Where South Asian Cooking Meets the Peninsula's Dining Ambitions
El Camino Real, the long commercial spine threading through Menlo Park, is not a street that tends to announce itself with culinary ambition. Most of the dining along that corridor exists to serve the surrounding tech campus workforce efficiently. Eylan, at 500 El Camino Real, operates on a different register. The room signals that something more deliberate is happening before the food arrives — the kind of space where the lighting, the service pacing, and the wine program have all been assembled with a coherent idea in mind rather than assembled from a catering checklist.
That coherence comes into focus quickly.

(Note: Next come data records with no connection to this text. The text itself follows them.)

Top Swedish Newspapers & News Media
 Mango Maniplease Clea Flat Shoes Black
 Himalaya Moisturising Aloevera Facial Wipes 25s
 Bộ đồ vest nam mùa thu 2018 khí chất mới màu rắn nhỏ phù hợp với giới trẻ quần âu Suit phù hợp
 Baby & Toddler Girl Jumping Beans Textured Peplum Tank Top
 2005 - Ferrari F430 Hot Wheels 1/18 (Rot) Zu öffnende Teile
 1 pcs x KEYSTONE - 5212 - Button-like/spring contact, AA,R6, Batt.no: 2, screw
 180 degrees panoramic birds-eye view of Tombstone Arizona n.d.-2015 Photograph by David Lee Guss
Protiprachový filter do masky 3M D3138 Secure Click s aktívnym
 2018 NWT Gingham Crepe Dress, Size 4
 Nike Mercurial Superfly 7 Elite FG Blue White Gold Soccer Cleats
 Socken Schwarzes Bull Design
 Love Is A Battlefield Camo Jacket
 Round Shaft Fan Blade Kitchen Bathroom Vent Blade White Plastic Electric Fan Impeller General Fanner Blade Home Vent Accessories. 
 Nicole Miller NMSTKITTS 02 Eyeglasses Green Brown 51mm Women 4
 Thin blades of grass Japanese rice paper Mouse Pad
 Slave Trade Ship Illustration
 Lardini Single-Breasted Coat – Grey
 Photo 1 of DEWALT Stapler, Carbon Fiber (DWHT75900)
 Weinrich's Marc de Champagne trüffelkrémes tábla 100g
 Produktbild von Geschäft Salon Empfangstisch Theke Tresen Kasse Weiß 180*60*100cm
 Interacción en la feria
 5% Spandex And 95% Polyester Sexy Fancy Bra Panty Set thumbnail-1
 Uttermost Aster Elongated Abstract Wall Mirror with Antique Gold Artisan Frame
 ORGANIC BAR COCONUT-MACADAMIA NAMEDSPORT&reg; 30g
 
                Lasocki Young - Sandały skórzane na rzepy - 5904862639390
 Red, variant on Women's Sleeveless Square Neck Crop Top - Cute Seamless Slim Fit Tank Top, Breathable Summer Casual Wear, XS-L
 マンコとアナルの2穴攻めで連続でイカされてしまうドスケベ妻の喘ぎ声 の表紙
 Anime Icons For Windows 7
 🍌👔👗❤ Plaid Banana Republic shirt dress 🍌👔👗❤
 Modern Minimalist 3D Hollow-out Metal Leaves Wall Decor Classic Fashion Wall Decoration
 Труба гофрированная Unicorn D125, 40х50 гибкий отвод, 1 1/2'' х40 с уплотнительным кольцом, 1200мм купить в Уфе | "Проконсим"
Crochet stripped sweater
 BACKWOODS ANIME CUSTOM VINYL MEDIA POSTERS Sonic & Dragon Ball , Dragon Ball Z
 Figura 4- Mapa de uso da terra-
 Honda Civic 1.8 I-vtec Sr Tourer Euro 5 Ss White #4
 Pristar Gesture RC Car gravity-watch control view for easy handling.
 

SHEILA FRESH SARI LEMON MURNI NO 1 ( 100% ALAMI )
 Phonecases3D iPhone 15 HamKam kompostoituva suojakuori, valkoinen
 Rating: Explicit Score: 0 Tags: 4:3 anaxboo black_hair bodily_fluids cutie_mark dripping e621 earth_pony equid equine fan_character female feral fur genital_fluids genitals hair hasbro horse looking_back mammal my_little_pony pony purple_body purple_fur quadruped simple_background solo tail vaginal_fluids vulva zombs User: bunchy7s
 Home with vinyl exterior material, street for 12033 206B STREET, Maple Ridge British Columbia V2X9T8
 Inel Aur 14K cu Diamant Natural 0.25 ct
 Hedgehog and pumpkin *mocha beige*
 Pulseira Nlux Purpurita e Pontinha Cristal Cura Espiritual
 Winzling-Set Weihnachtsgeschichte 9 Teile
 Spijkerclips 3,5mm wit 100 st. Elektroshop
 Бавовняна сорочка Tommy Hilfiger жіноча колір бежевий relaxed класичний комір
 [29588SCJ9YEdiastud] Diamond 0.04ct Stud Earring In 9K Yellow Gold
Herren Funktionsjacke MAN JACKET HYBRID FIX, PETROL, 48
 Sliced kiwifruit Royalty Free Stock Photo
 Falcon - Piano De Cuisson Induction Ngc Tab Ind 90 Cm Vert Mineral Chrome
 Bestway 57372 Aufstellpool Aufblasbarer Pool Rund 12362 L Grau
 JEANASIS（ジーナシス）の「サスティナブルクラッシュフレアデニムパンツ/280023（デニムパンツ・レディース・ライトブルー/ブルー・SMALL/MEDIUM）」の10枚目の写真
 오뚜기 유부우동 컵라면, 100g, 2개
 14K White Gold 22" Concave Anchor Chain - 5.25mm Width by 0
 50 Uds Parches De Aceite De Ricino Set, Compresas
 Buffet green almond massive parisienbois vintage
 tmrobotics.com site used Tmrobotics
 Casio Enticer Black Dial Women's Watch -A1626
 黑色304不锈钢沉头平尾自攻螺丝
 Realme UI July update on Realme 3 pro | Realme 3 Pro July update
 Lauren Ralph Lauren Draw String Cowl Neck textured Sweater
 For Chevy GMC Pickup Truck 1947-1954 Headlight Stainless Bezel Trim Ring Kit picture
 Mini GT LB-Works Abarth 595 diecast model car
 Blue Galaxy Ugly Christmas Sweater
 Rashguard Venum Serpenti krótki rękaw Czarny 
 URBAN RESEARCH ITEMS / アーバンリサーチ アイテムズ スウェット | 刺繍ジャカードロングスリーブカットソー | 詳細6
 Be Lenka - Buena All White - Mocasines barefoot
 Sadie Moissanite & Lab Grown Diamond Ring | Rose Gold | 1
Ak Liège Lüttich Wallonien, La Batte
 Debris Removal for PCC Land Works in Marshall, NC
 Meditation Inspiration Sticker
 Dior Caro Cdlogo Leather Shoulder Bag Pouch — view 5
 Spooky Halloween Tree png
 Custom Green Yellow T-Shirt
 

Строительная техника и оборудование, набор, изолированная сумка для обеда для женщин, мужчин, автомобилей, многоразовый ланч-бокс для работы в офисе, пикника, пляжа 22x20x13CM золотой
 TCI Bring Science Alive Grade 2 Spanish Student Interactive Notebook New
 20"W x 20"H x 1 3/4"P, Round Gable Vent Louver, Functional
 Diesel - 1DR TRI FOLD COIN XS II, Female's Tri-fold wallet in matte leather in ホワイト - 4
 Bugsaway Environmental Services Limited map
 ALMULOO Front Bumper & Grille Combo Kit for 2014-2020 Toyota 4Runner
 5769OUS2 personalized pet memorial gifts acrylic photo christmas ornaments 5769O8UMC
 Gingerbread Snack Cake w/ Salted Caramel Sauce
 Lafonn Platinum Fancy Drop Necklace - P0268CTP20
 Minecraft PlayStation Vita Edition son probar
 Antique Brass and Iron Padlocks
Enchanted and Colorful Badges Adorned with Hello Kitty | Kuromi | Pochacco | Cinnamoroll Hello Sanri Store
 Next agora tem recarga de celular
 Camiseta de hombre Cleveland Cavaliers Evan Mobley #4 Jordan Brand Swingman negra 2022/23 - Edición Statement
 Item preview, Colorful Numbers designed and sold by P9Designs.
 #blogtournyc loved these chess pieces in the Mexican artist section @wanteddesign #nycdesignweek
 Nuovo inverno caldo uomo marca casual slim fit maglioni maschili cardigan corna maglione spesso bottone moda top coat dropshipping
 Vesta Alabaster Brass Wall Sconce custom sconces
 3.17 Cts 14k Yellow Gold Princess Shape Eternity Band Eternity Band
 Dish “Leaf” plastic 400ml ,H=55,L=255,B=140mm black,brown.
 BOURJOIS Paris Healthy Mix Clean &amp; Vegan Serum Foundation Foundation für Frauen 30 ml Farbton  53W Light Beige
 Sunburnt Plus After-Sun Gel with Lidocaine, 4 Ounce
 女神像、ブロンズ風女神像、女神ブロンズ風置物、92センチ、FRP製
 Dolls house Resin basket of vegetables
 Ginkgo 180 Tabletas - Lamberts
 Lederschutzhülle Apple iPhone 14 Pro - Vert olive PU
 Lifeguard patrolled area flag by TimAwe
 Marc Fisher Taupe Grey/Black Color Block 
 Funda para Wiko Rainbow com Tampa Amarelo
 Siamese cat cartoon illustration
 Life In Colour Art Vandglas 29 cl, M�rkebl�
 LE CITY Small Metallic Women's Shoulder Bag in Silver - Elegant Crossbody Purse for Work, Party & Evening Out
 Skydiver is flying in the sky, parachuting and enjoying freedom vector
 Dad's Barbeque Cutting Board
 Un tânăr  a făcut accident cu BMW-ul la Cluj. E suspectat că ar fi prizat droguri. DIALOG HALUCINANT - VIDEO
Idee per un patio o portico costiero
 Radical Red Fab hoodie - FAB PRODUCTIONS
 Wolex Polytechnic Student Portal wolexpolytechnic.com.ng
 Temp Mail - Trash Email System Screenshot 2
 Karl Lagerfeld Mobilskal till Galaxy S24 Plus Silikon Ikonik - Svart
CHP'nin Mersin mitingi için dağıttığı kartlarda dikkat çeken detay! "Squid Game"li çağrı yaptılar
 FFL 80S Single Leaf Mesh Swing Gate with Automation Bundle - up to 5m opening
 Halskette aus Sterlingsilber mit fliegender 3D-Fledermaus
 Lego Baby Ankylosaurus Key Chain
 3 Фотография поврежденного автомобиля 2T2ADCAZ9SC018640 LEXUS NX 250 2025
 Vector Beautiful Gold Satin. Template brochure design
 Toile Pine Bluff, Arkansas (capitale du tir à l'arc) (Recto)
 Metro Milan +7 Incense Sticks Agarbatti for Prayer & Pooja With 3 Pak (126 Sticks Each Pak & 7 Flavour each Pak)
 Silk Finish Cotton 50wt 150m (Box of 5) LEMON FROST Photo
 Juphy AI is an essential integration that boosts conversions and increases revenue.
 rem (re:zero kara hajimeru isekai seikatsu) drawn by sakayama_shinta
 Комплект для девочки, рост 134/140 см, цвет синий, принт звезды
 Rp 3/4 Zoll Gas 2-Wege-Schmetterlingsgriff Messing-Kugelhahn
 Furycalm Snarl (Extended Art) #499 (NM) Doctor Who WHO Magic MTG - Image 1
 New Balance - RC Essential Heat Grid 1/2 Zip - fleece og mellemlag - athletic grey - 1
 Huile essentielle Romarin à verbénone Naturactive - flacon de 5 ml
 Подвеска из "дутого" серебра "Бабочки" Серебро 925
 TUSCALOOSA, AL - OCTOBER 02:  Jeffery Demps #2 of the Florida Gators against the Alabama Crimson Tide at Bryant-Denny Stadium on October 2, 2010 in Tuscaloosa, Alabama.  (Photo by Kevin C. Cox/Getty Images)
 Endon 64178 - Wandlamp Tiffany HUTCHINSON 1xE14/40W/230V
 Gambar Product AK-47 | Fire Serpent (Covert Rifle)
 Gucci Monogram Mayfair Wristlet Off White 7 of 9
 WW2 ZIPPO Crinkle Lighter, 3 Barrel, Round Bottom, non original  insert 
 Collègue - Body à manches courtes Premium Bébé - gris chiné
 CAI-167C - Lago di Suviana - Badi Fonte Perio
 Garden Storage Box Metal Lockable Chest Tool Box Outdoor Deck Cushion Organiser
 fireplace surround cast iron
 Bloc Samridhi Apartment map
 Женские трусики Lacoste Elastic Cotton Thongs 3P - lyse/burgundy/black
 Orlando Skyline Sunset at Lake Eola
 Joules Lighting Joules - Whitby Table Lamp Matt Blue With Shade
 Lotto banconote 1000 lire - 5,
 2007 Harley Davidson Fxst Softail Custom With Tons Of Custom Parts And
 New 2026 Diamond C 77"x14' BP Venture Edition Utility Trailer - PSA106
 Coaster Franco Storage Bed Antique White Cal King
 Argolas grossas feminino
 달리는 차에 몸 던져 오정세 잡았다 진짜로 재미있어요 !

Chef-owner Srijith Gopinathan, also one of the partners behind the project alongside Ayesha Thapar, is not a newcomer to Bay Area fine dining. His kitchen background places him in a peer set of chefs who have worked at the formal end of California dining before pivoting to a cuisine that felt more personally meaningful. The result at Eylan is Indian cooking approached with the same structural seriousness that California's French-influenced dining tradition has always demanded of its practitioners.
Regional Indian Cooking, Read Carefully
Indian restaurants in the United States have spent decades flattening subcontinental diversity into a single pan-Indian menu language: tikka masala, butter chicken, a vegetarian section, naan. The more interesting shift in the last few years has been a handful of kitchens treating India's regional distinctions with the same specificity that a serious French restaurant might apply to the difference between Burgundy and Bordeaux. Eylan belongs to that second category.
The cuisine classification the restaurant carries — Asian, Indian , understates the precision of the approach. India's regional food traditions diverge as sharply as any European national cuisine: Keralan cooking is built on coconut milk, tamarind, and black pepper, with seafood central; Punjabi cuisine runs toward wheat, dairy, and the tandoor; Bengali food leans sweet, mustard-forward, and fish-dependent; Goan cooking carries Portuguese inflections into its vinegars and pork preparations. A kitchen that treats these traditions as interchangeable is making a different argument about Indian food than one that holds the distinctions visible on the plate. What Gopinathan brings from his culinary history is a framework for keeping those distinctions legible while operating in a California context where the produce and sourcing norms will inevitably shape the outcome.
Dinner is the only service currently offered, and pricing falls above $66 for a typical two-course meal, placing Eylan in a clearly premium position relative to the surrounding Menlo Park dining options. For comparison, Camper operates at a $$ price point with a California-produce-forward menu, while Flea St. Cafe sits at $$$ with a contemporary format. Madera at the Rosewood Sand Hill occupies the $$$$ bracket with a wine program of comparable seriousness. Eylan at $$$ for food positions itself in the middle of that peer set, though the wine list adds cost to the evening for guests engaging with it seriously.
The Wine Program as an Editorial Statement
Few Indian restaurants in the United States have invested as deliberately in a wine program as Eylan has. Wine Director Andre Sydnor and Sommelier Alex James Doughty oversee a list that Star Wine List recognized with a White Star designation , awarded in April 2025 , and the numbers are credible: 230 selections, 2,000 bottles in inventory, with France and California as the primary regions of strength. The corkage fee is $65, which suggests the restaurant expects guests to take the cellar seriously rather than arrive with their own bottles routinely.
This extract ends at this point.